風がそよそよとなびき、森の奥でかさこそ音がする。気になって暗い森の奥を見ていると佐野が言った。
「俺の事を歓迎してくれている……」
大きな男の目は潤んでいた。
社につくと、白っぽい影が
「晶……っ」
小さく声を上げて駆け寄った。
「あ……」
人影は赤猪子だった。腰に手を当ててこちらを睨んでいる。灰色の髪にしわだらけの姿だ。
「ばあちゃん……」
がっかりした声を出すと、赤猪子の眉がピクリと動いた。
「久しぶりに会ったと言うのに、つれないのぉ」
顔が笑っていない。目は佐野ばかり見ている。
「この度は俺を中へ入れてくださり感謝いたす」
佐野がお辞儀をすると、赤猪子は顔の筋肉を少し緩めた。
「殿下はお変わりになられましたな」
「殿下?」
赤猪子は膝を突いて恭しく頭を下げた。陽一だけが何が何だかさっぱりだ。佐野は力なく微笑み、陽一を見た。

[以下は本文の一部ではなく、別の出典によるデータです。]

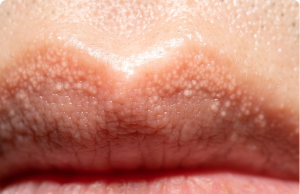 What Are Those White Bumps That Can Appear on Your Private Parts—and What Causes Them?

「赤猪子さんの言うとおりだ。俺は自分から月を出て行った。しかし、地球ではうまいことやって、神として
「何があったんですか?」
「簡単に言えばなあ、戦だ。戦を仕掛けられた。人間に」
「戦……?」
「そいつに力を全部奪われた。そこで陽一くん、君の力が欲しい」
「俺?」
「殿下」
赤猪子が口を挟んだ。佐野は、はっと口を閉じた。
「うん……」
「陽一殿、今日はもう遅い。そなたはご自宅へ帰りなされ、殿下の面倒はわしが見るゆえ」
「まことか!」
佐野の目がきらっと輝いた。
「あー、よかった。今夜も野宿かと案じておった」
赤猪子は、佐野の言葉を聞いて呆れた顔をする。
陽一は、晶のことをいろいろ聞きたかったのに、と不満に思った。しかし、佐野は疲れているようだったし、自分は明日も学校があった。
陽一は高校一年生である。来月からは冬休みだ。だから、冬休みを利用して月に行ってみたいと思っている(これは勝手に一人で決めた)。

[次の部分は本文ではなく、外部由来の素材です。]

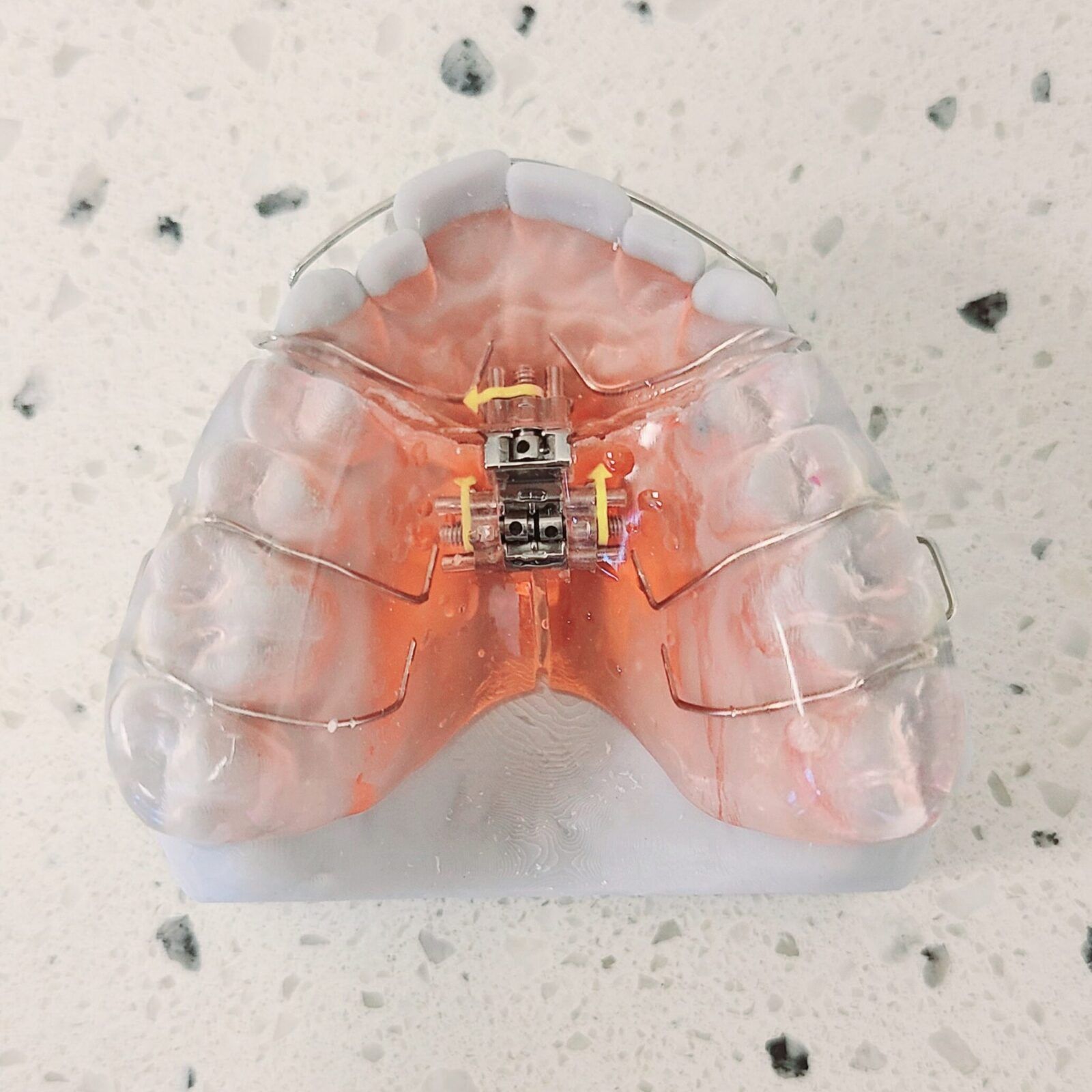 Dental model used in dentistry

だから、今できることはしっかりとやっておきたかった。
「じゃあ、俺、帰るよ。また、様子を見に来るから」
陽一は、自分の部屋に思考を飛ばす。誰もいない。母は、陽一が寝入ったと思っている。
真っ暗な自分の部屋へとポスト(瞬間移動)するため集中した。ポストとは瞬間移動のことで、瞬間移動という言葉は長いので勝手にポストと陽一が命名した。
「かたじけない、陽一くん」
と、陽一が移動する直前に背中に向かって佐野の声が聞こえた。